Sennett describes how the Renaissance ideal of originality was a “trait of single, lone individuals,” although he is talking about the goldsmiths and the relationships between master, journeyman and apprentice. Art is later referred to as an individual pursuit, such as the work of Cellini. I do not mean to indicate how I will be coming up with an original work of art, a genius musical piece. I am no virtuoso like Mozart, or at least I wasn’t practicing since I was a young child, like him. On the contrary, I need some guidance. As I started looking at the book that I was given, one that would teach me to play, I didn’t know how to start, or where to start. So I just started striking the first string and the second one, and I noticed that it was out of tune. Although I have some tacit knowledge of how to tune the guitar using the fifth fret of the first string to produce the sound of the open string that follows, I couldn’t remember what the first string sounds like, or how it’s supposed to sound, so I went online.

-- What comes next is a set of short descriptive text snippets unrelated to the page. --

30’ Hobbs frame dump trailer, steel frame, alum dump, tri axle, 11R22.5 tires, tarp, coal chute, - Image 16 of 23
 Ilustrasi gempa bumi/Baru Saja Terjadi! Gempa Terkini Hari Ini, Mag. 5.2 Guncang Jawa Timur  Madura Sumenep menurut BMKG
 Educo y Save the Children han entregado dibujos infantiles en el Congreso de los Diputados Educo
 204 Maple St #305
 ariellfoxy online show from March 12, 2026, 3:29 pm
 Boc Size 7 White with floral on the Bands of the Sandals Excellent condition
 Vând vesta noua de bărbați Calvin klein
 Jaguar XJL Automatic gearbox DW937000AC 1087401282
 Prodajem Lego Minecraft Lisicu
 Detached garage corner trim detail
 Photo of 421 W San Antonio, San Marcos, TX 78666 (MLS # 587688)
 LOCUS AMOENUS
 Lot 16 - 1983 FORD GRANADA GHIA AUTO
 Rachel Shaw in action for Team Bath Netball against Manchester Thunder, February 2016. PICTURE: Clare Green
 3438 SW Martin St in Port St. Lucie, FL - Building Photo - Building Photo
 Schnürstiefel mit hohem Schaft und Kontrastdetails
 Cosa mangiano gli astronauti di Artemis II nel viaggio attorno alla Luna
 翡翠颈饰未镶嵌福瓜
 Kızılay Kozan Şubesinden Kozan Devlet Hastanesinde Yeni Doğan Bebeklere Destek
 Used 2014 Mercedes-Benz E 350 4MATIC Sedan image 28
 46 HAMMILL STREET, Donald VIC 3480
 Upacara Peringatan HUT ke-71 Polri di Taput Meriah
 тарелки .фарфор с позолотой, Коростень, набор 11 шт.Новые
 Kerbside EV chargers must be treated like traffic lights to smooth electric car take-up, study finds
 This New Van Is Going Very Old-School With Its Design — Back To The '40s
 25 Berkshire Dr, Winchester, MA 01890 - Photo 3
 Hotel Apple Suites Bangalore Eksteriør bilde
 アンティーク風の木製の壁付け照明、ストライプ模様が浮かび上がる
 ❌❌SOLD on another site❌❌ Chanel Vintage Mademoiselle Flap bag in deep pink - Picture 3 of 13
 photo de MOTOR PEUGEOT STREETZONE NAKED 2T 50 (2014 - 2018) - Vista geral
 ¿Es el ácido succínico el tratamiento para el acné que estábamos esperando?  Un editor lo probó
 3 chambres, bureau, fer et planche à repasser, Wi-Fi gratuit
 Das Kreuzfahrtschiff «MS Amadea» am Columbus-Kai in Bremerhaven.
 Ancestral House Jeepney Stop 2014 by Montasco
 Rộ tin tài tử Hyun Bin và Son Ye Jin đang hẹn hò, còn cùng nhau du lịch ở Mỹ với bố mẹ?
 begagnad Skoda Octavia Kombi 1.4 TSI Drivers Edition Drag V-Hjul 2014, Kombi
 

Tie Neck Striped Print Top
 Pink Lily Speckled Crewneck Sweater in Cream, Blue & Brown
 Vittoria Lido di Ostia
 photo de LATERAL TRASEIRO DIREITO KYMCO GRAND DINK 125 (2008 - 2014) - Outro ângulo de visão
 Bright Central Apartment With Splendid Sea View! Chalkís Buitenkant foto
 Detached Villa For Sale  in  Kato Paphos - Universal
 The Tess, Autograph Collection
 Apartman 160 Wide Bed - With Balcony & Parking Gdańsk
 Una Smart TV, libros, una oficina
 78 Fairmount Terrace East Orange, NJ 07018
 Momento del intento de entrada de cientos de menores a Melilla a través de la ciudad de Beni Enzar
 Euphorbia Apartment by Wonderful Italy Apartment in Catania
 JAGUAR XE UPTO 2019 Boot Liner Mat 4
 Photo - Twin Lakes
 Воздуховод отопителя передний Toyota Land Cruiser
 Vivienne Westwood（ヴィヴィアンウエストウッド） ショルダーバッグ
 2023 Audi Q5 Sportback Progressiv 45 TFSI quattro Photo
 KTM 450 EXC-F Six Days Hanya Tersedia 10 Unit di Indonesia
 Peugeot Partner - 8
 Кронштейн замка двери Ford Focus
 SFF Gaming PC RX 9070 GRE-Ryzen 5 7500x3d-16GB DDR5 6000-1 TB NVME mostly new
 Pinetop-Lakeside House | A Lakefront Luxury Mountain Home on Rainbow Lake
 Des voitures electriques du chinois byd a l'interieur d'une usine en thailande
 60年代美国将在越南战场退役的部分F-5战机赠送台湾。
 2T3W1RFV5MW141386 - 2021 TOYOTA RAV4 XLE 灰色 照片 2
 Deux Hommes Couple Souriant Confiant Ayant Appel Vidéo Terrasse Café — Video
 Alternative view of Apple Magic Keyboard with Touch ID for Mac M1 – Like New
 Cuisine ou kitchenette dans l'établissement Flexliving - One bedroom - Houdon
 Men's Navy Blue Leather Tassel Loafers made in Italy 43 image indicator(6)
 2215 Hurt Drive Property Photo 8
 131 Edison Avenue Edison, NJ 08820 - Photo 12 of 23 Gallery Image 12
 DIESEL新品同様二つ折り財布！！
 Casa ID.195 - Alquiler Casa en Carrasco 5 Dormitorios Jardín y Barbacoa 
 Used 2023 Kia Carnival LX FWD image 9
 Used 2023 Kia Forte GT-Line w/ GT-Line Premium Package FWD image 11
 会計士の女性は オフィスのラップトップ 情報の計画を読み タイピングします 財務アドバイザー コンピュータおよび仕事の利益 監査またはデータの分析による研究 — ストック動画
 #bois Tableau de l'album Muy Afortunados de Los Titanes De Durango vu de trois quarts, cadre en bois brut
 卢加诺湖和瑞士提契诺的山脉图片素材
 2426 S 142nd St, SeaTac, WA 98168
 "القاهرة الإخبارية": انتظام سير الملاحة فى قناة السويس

There is definitely a reliance on machines, a concept that Sennett explores in his book. He explores the evaluation that several figures from different historical periods have had in terms of how machines will replace or efface humans. While I first tried to download an app that imitated a tuner, it wasn’t giving me correct signals, and I felt like it was a waste of time. Going to youtube.com to search for videos on how to tune my bass guitar opened up the possibilities for me to learn my craft in a more guided procedure. The machine that I’m using, new media, is not simply supplanting the physical presence of a teacher, because there was a person who recorded, edited, and uploaded the video that I was then using to tune my bass guitar. As soon as I had the first note, though, I was able to tune the rest all by myself! But not really.